Ultrasound gets off to a familiar start. A man’s car breaks down on a rainy road. Thankfully, there is a lone house near by. The couple the man meets seem nice, but things soon take an odd turn. There is more to the mystery than what is going on in the home. Director Rob Schroeder presents the audience with three simultaneous stories that begin to intersect. The mind boggling result is a mixed bag
Ultrasound uses camera and sound to disorient its audience. The film alternates between tight straight on shots and wide angle ones. Reds and blues give things a trance like quality. It is impossible to tell what – if anything – is real. The Lynchian plot will be frustrating for many.
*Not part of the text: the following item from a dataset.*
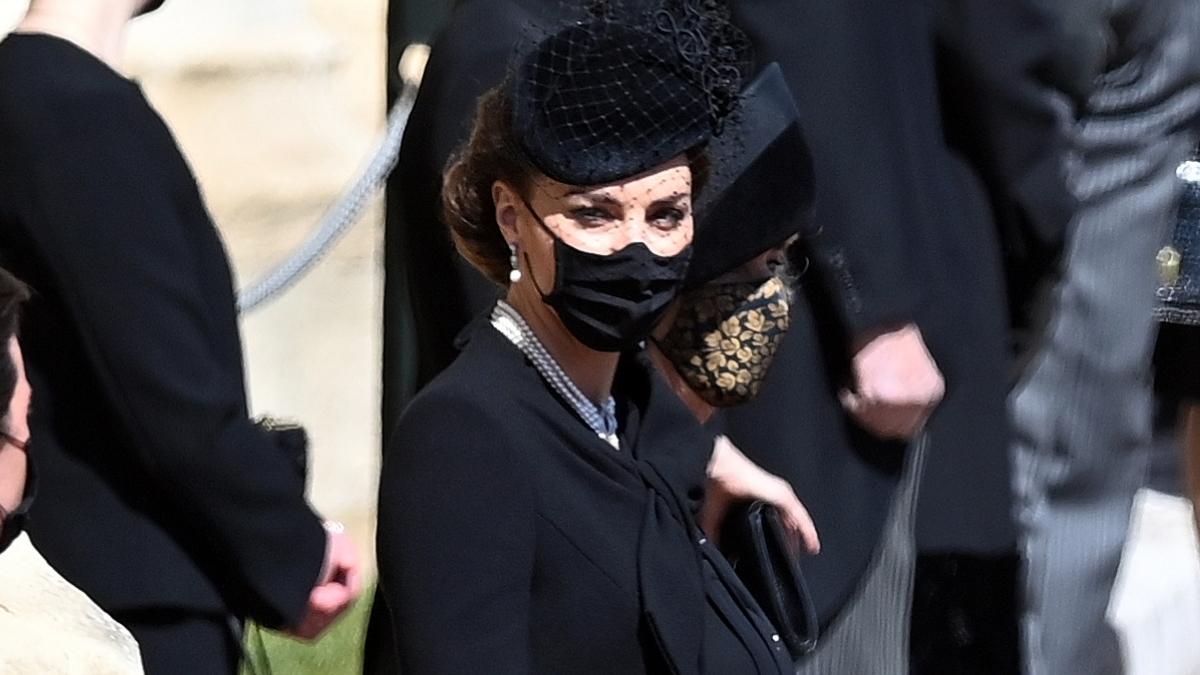 Kate Middleton's Body Language Changed at This Funeral — Expert - Reality  Tea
Quite simply, Ultrasound can be very difficult to follow at times. The fact that it is purposely abstract will not matter to some. The patience and attention the film demands will not be appreciated by all.
As things start to come together, many of the film’s mysteries begin to make sense. Again, there is a David Lynch feeling that may not impress everyone. Others will find it oddly clever. Either way, it is unique. The story driven narrative is filled with characters. Though the plot is well crafted and nuanced, there is surprisingly little depth to the characters. Ultrasound is all about its twisting tale with little attendance paid to the people entangled in it.
The exception is Bob Stephenson in the role of Art. The character is an enigma that is hard to get a grasp on. There is something sinister about him, yet he is also insecure and seems unsure of himself. It is easier to pity him than it is to be frightened. As well as Stephenson does, there is still motivation lacking to his character. The fact he is so important to the story makes this especially odd.
The closing moments of Ultrasound add to the overall confusion. It is a baffling film that will leave those who watch intrigued and dumbfounded. Some people will enjoy the ambiguity of the story, while others will be disappointed by the lack of answers provided. For those who are willing to put in the time, it will be an interesting watch if not a completely satisfying one.